Conversion

rpy2 is using a conversion system with which rules to share objects between Python and R can be specified (see rpy2 documentation about conversion).

Rules for Arrow data structure can be specified, and the package rpy2-arrow already implements the bulk of what it is required. The only remaining part is how to combine them for your own need.

Faster pandas-R conversions

This example of custom conversion with jupyter and the “R magic” in rpy2.ipython demonstrates how Arrow can greatly improve performances when moving data between Python and R.

Note

This section is a jupyter notebook. It can be downloaded as a notebook from here.

We create a test pandas.DataFrame. The size is set to show a noticeable able effect without waiting too long for the slowest conversion on the laptop the notebook ran on. Feel free to change the variable _N to what suits best your hardware, and your patience.

In [1]: import pandas as pd
   ...: # Number or rows in the DataFrame.
   ...: _N = 500000
   ...: pd_dataf = pd.DataFrame({'x': range(_N),
   ...:                          'y': ['abc', 'def'] * (_N//2)})
   ...: 

Next we load the ipython/jupyter extension in R to communicate with R in a (Python) notebook.

In [2]: %load_ext rpy2.ipython

With the extension loaded, the DataFrame can be imported in a R cell (declared with %%R) using the argument -i. It takes few seconds for the conversion system to create a copy of it in R on the machine where the notebook was written.

In [3]: %%time
   ...: %%R -i pd_dataf
   ...: print(head(pd_dataf))
   ...: rm(pd_dataf)
   ...: 
  x   y
0 0 abc
1 1 def
2 2 abc
3 3 def
4 4 abc
5 5 def
CPU times: user 2.75 s, sys: 34.2 ms, total: 2.78 s
Wall time: 2.8 s

From pandas.DataFrame to R data.frame through an Arrow Table

The conversion of a pandas.DataFrame can be accelerated by using Apache Arrow as an intermediate step. The package pyarrow is using compiled code to go efficiently from a pandas.DataFrame to an Arrow data structure, and the R package arrow can do the same from Arrow data structure to an R data.frame.

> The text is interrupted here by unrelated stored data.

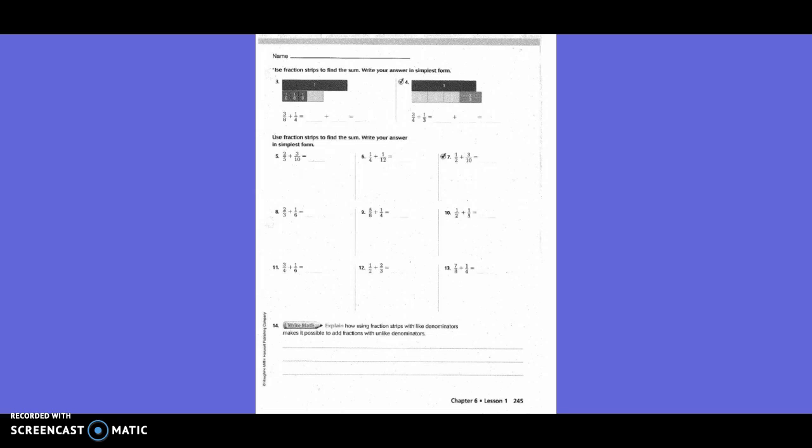Use fractions to find the sum — write your answer in simplest form. We did three one-eighths pieces and one one-fourth piece. Do you have to change both denominators? No — the eighths stay the same. So three-eighths stays the same, and one-fourth becomes two-eighths. Three plus two is five, and the denominator does not change. So the answer is five-eighths.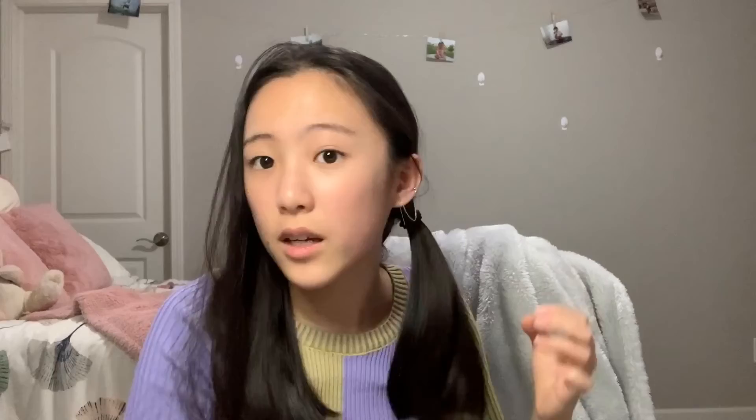Another thing you can do is go full-on Jasmine with bubble pigtails. Just put a hair tie wherever you want, then put one more at the bottom, and make sure the last one is nice and tight because we're going to be pulling. Pull it and make a nice little bubble — you can make these as big as you want. It should end up as these little cute bubbles. Do that to both pigtails. This looks super cute as pigtails like Jasmine, but you can also do it with a high ponytail.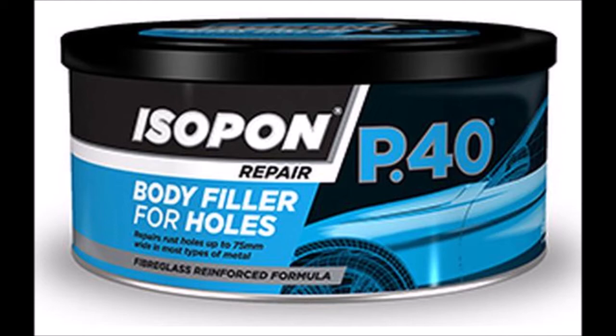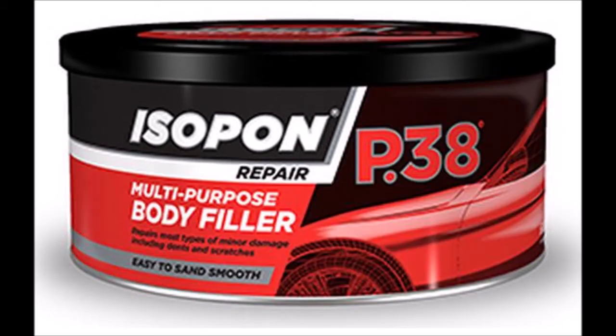This is the fiberglass — very tough. I use it to stick the mesh to the hole, and after it has hardened, I apply another layer. This is a very strong layer. The body filler is much softer and easy to sand, and I use it as the second layer before painting.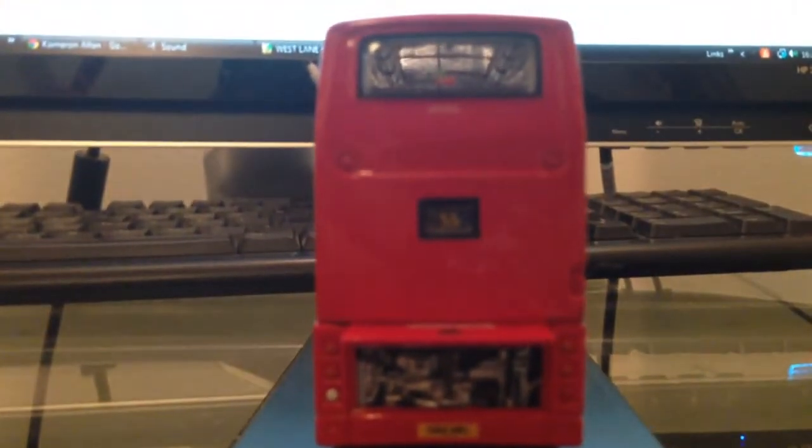On the back, the engine compartment does open to show a pretty detailed engine, as you can see, with the registration plate. And of course a very accurately produced roll blind display on the back saying 55.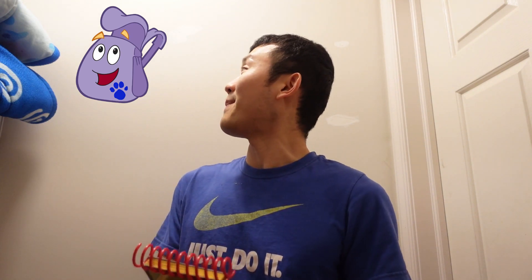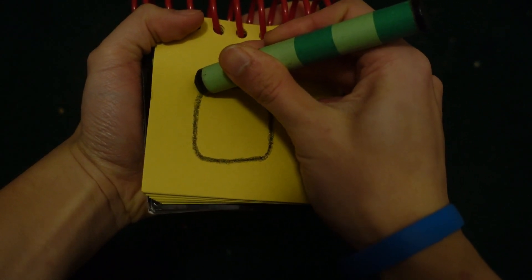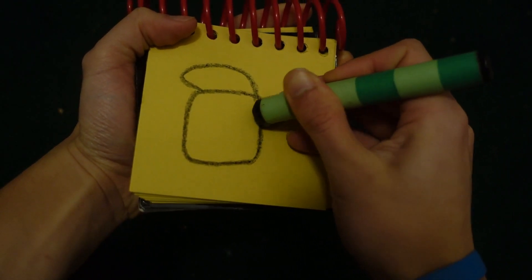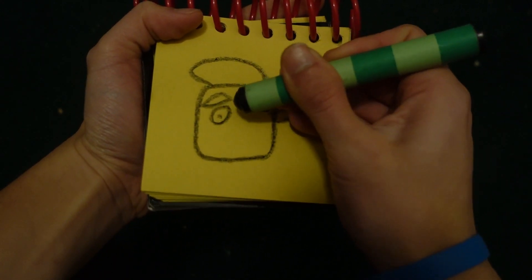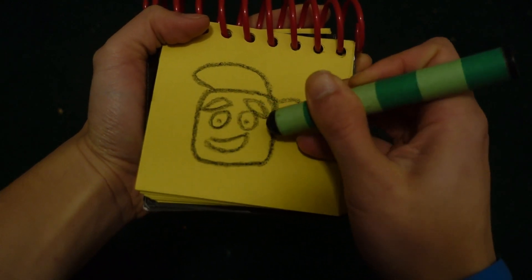So, let's draw a Backpack in our notebook. Let's start by drawing a square. Her eyebrows, two circles for her eyes, and her mouth.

The package rpy2-arrow can help manage the conversion between Python wrappers to Arrow data structures (Python package pyarrow) and R wrappers to Arrow data structures (R package arrow). Creating a custom converter for rpy2 is done in few lines of code.

In [4]: import pyarrow
   ...: from rpy2.robjects.packages import importr
   ...: import rpy2.robjects.conversion
   ...: import rpy2.rinterface
   ...: import rpy2_arrow.arrow as pyra
   ...: 
   ...: base = importr('base')
   ...: 
   ...: # We use the converter included in rpy2-arrow as template.
   ...: conv = rpy2.robjects.conversion.Converter(
   ...:     'Pandas to data.frame',
   ...:     template=pyra.converter)
   ...: 
   ...: @conv.py2rpy.register(pd.DataFrame)
   ...: def py2rpy_pandas(dataf):
   ...:     pa_tbl = pyarrow.Table.from_pandas(dataf)
   ...:     # pa_tbl is a pyarrow table, and this is something
   ...:     # that the converter shipping with rpy2-arrow knows
   ...:     # how to handle.
   ...:     return base.as_data_frame(pa_tbl)
   ...: 
   ...: # We build a custom converter that is the default converter
   ...: # for ipython/jupyter shipping with rpy2, to which we add
   ...: # rules for Arrow + pandas we just made.
   ...: conv = rpy2.ipython.rmagic.converter + conv
   ...: 

Our custom converter conv can be specified as a parameter to %%R:

In [5]: %%time
   ...: %%R -i pd_dataf -c conv
   ...: print(class(pd_dataf))
   ...: print(head(pd_dataf))
   ...: rm(pd_dataf)
   ...: 
[1] "data.frame"
  x   y
1 0 abc
2 1 def
3 2 abc
4 3 def
5 4 abc
6 5 def
CPU times: user 32.8 ms, sys: 3.68 ms, total: 36.4 ms
Wall time: 40.2 ms

The conversion is much faster.

From pandas.DataFrame to and Arrow Table visible to R

It is also possible to only convert to an Arrow data structure.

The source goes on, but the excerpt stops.